* _DATA PROVIDED_

------------------------------------------------------------------------

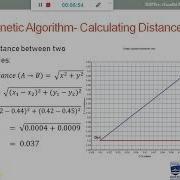 Implementation Of Travelling Salesman Problem Using The Genetic Algorithm In Python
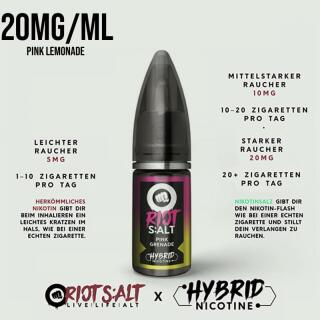 Riot Squad Nikotinsalz - Pink Grenade 10ml 20mg/ml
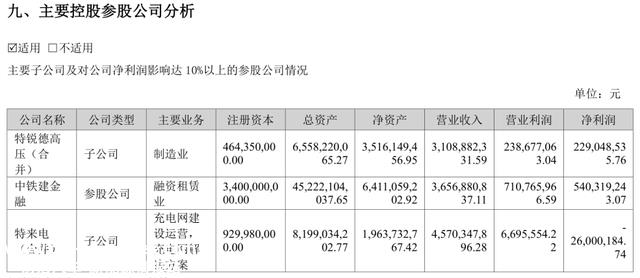 运管38万台充电桩，青岛公司年亏2600万
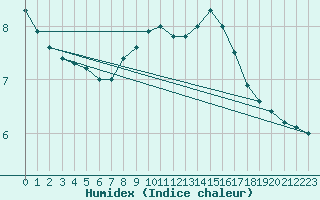 Courbe de l'humidex pour Tibenham Airfield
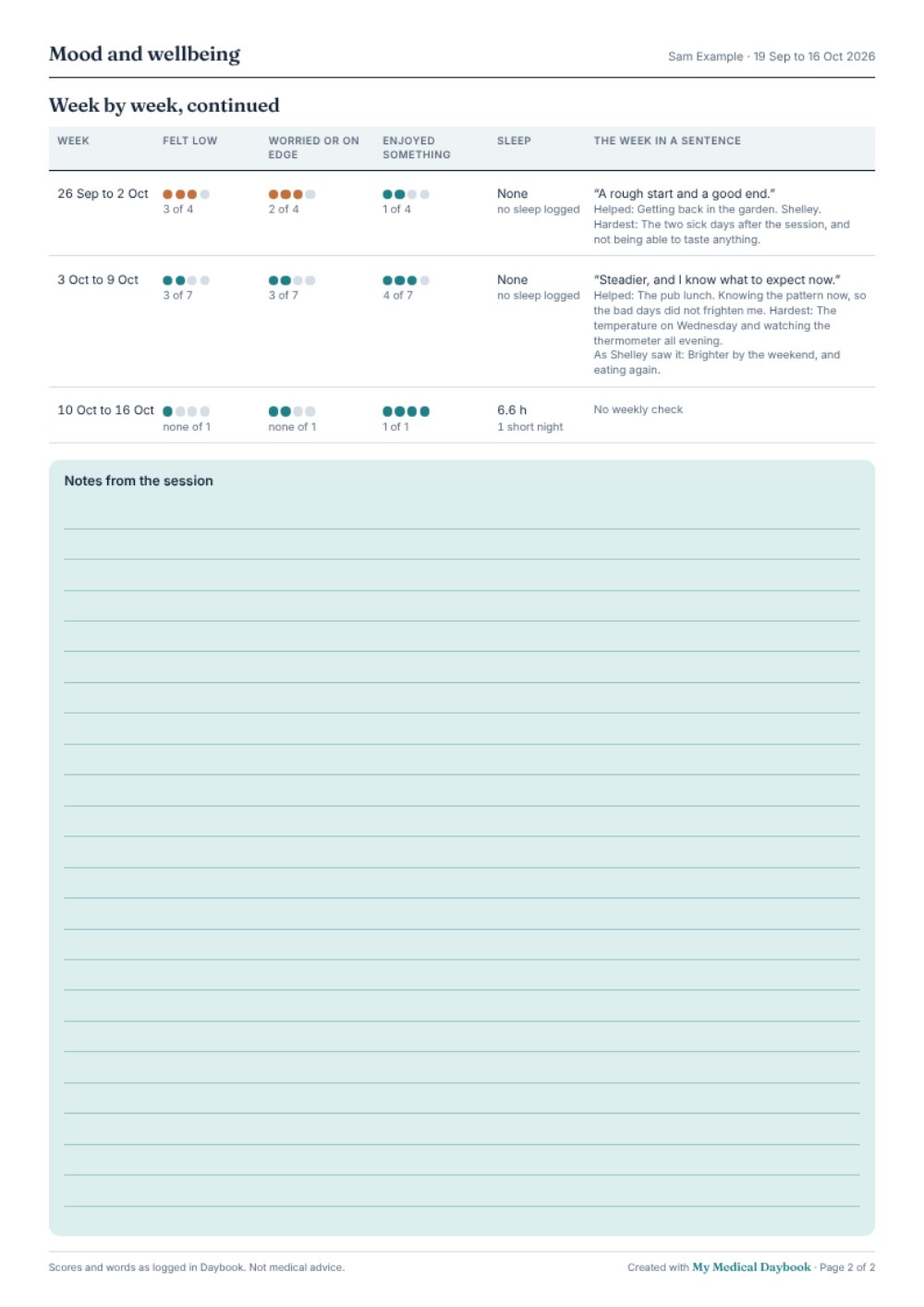 Page 2: what helped and what was hardest, week by week, and the questions for the session.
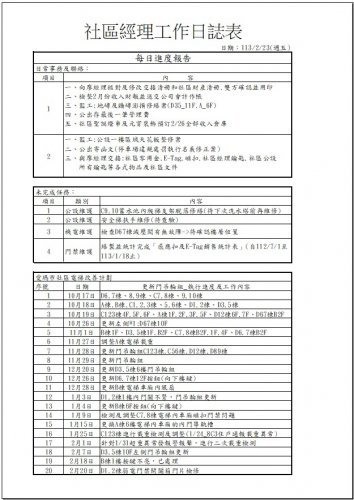 社區經理工作日誌 113.02.15-23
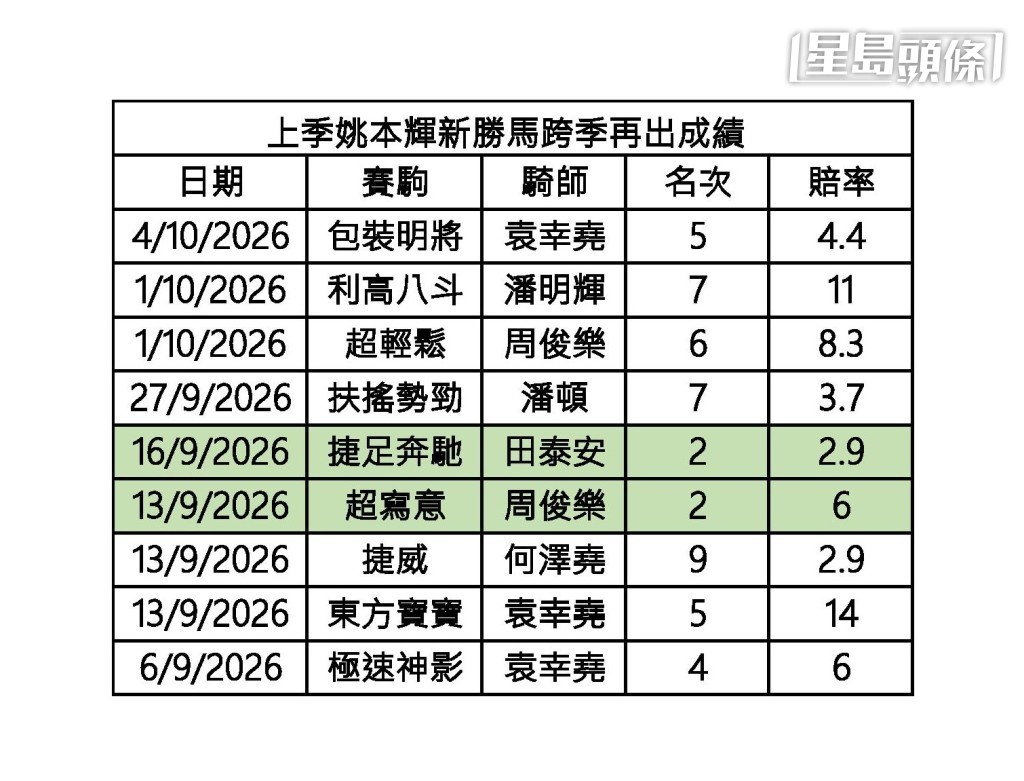 姚本輝未有跨季連捷馬? 姚本輝未有跨季連捷馬?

------------------------------------------------------------------------

* _PROBLEM STATEMENT_
A word-for-word retyping of every record is required, without the pictures.

* _EXERCISE SOLUTION_
 Implementation Of Travelling Salesman Problem Using The Genetic Algorithm In Python
 Riot Squad Nikotinsalz - Pink Grenade 10ml 20mg/ml
 运管38万台充电桩，青岛公司年亏2600万
 Courbe de l'humidex pour Tibenham Airfield
 Page 2: what helped and what was hardest, week by week, and the questions for the session.
 社區經理工作日誌 113.02.15-23
 姚本輝未有跨季連捷馬? 姚本輝未有跨季連捷馬?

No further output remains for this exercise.